Adrian divides the image into two areas and looks at the Y-coordinate between two tracker positions. If a tracker moves up in the upper part of the image, a “up” is counted. The tracker is “burned” and cannot trigger another count. Simple but unfortunately too simple.
Because the trackers have a little problem. They are shaking/jumping around the tracked object a bit. If a person walks very slowly through the picture it can happen that the tracker jumps in the opposite direction at the very beginning and counts in the opposite direction before the person reaches the “correct” counting area.
Adrian looks at an “average” of the running direction which becomes more and more accurate with a longer tracking time. But if the opposite jump to the running direction happens right at the beginning, the count for this object is broken before a proper average can be calculated.
I solve this problem by first observing an object a few frames before processing the Y-coordinates. This way I achieve a more reliable average of the Y-direction.
I build up three states that a tracking device can have:
- Red = Object was detected, but is only 0 to approx. 10 frames “old” Each position is recorded.
- Blue = Object is older than 10 frames and it is able to trigger a counting process in the upper or lower image area.

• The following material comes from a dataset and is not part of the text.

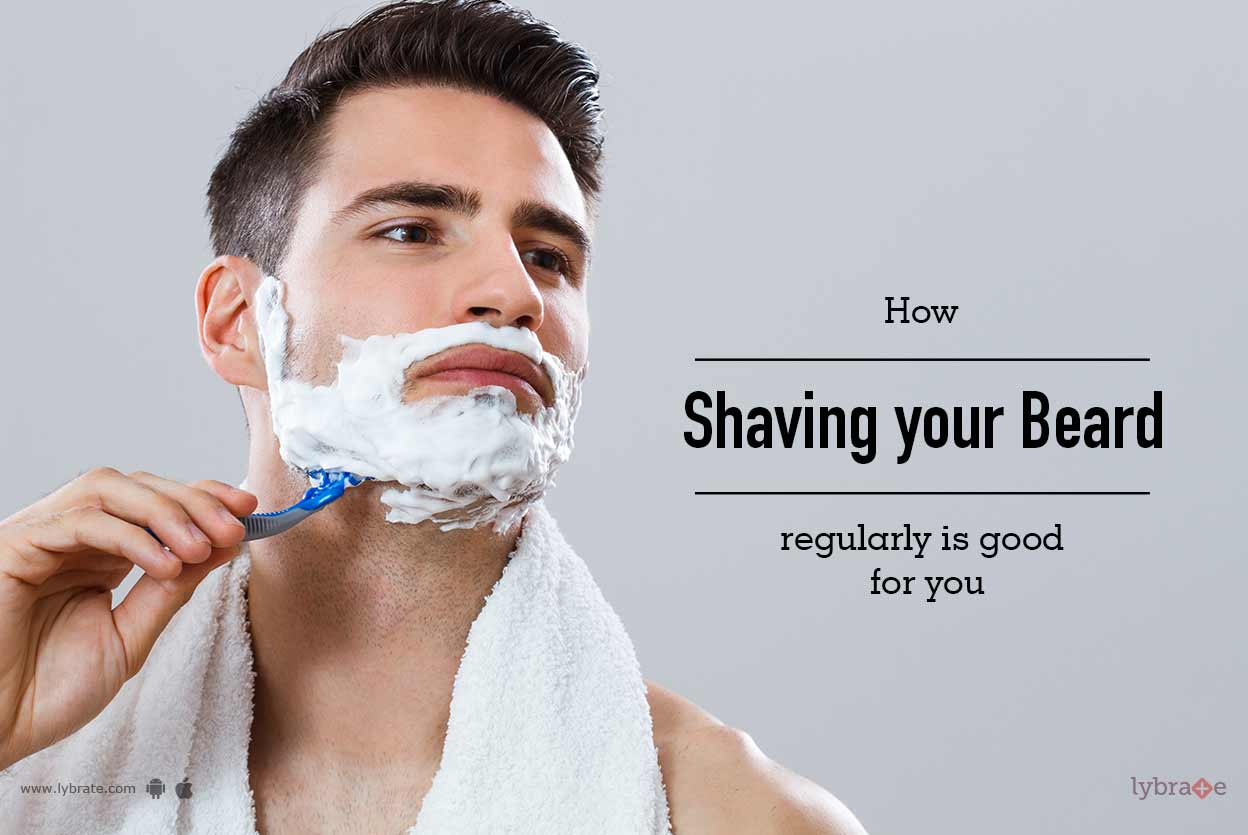 How Shaving Your Beard Regularly Is Good For You By Dr. Venu Kumari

Each position is recorded
- Green = Object has been counted and is no longer countable from that moment on.
Currently I use a simple webcam for image recognition. Resolution is not very important. I cropped out a smaller image from the whole image to have less computing power for the image recognition. So a better tracking and a faster image recognition are possible. In general I am surprised how little image information the neural network needs to recognize a person.

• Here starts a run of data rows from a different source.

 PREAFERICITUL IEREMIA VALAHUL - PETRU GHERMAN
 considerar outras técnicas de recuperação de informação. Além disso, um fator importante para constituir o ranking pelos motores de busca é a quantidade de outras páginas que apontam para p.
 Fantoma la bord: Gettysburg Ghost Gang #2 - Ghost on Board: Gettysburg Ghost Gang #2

One problem is that I have no influence on the exposure of the camera. The camera sets itself accordingly bright or dark depending on the light situation. If I only process a smaller part of a larger image, I have to make sure that the exposure is ok for the respective part. With my Logitech there is no chance for external correction. OpenCV offers this option but the camera ignores the commands – a known problem with most webcams. A camera with variable focal length and focus fixation would also be nice. I thought of something like this: Adjustable zoom and focus 5-50mm or Adjustable zoom and focus 2.8-12mm. The parts would give me flexibility in use and eliminate the focus pumping my current webcam does from time to time.
What happens next?
The project is a lot of fun and slowly the learning curve is getting higher. I will find a scenario where I can test the project in the wild. I will try to adjust all parameters for this location until I get a detection rate of hopefully 90-95%. At the same time I will try to find a better tracking algorithm. I hope I can report positive results soon.